We buy many insurances – just in case.  Car, homeowners, apartment, flood, personal liability – all are hedges against the unknown and unwanted.  Seeing a business opportunity, insurers created a long-term care insurance market for a benefit the customer might not need for another 25 years. We can buy a service contract to cover repairs of our appliances.  Yet so it continues that when we purchase technology, carrier, or software services, the offering changes ever more quickly -- and our technology becomes obsolete. So we toss the products (and services) into the soon-forgotten gadget graveyard with 135 million mobile phones discarded in 2010 alone -- the last date for which there are EPA statistics.


We are always in restart mode... We pay all over again for the same mind-numbing learning curve about new chargers, cases, setups, upgrades, downloads, uploads, backups and restore processes (such as in-car technology). The most we can buy is a Geek Squad-like service plan for fixing the current mishmash of gadgets. We cannot buy an insurance service plan for the gadgets that haven’t been invented yet – the ones that we have not yet acquired. Looking down from the balcony at a recent matinee, note how many non-teens struggle to exit from Facebook dog pictures, silence the ringer, or turn the phone off.  No doubt these phones were new, customizing the icons and learning the phone's idiosyncrasies daunting.


...But we are increasingly dependent on our devices and online sites to find services.   This includes slogging through marketplaces of every type, including those health and companion care -- when we are at our most vulnerable and desperate, but also in-home repair, used cars, hotels, airfare. You name it, there's a marketplace out there that will find you an in-network, best deal, highest star rating whatever. Can we function without these 'referral' sources?  


Optimistic boomers think future technology will be a piece of cake.  Asked to picture the future, boomers think they will be different from their parents who resisted new technologies.  Even Best buy agrees that this is a boomer-senior problem – that the next generation won’t need genius bars or geek squads. Even boomers insist that their tech-savviness today will serve them well in 20-25 years – they will accommodate whatever ‘innovations’ Silicon Valley designers, all still 20-somethings, will foist on them. Boomers see the unknown tech future as something they can and want to deal with, the way they mastered (sort of) home network setup, Facebook, YouTube, Twitter, Skype, and Instagram. And they will want to deal with it, because, well, they are boomers. 

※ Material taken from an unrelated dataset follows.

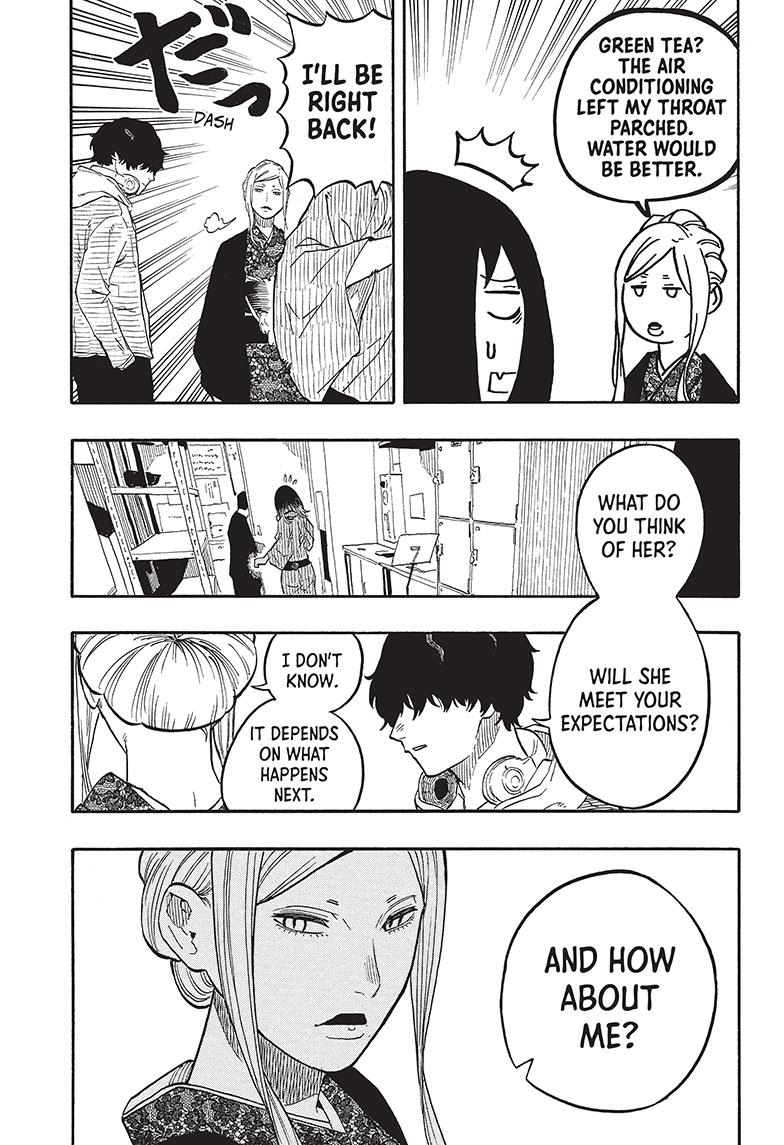 Read Akane-banashi EN Manga Online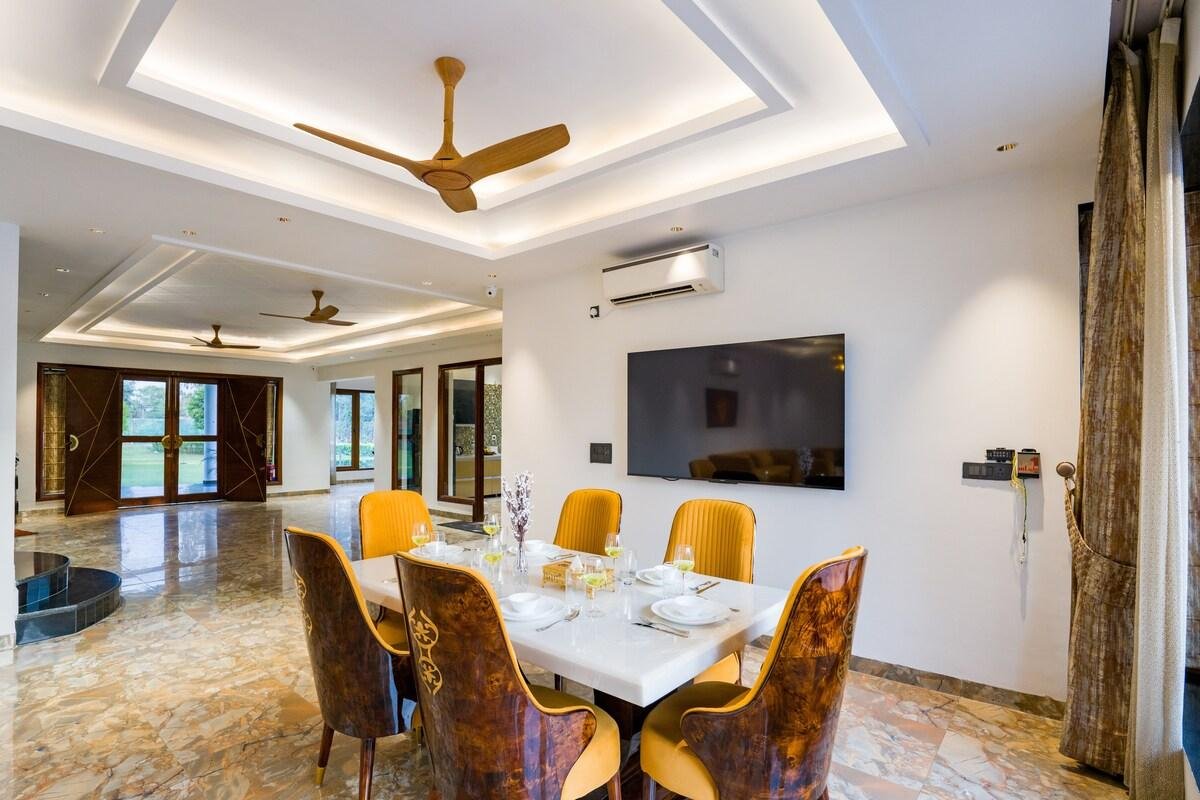 ELIVAAS Sanisa Farm  3 bhk x Solis Nature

Not so fast – maybe our appalled 80-year-old selves will opt out versus boot up another device. Roll many of the current phenomena forward – and then imagine that like today’s 80-somethings, we have become fond of what we know and resistant to what we don’t know.  Why are there are 80+ folks out there who still carry clamshell phones and whose only tablets are meds?  Not because they hate new technology, but because mandated change is stressful. What if the lame attempts to regain and preserve personal online privacy fail – and online identity theft is the new normal? Cybersecurity jobs are booming, of course. Will the trend of decreasing device and internet safety push boomers to return to the horse-and-buggy era of telephone calls, email, and even handwritten letters? Or will the insurance industry identify an opportunity to create a long-term tech care policy that will protect us from future risks and obsolescence in our online and gadget use?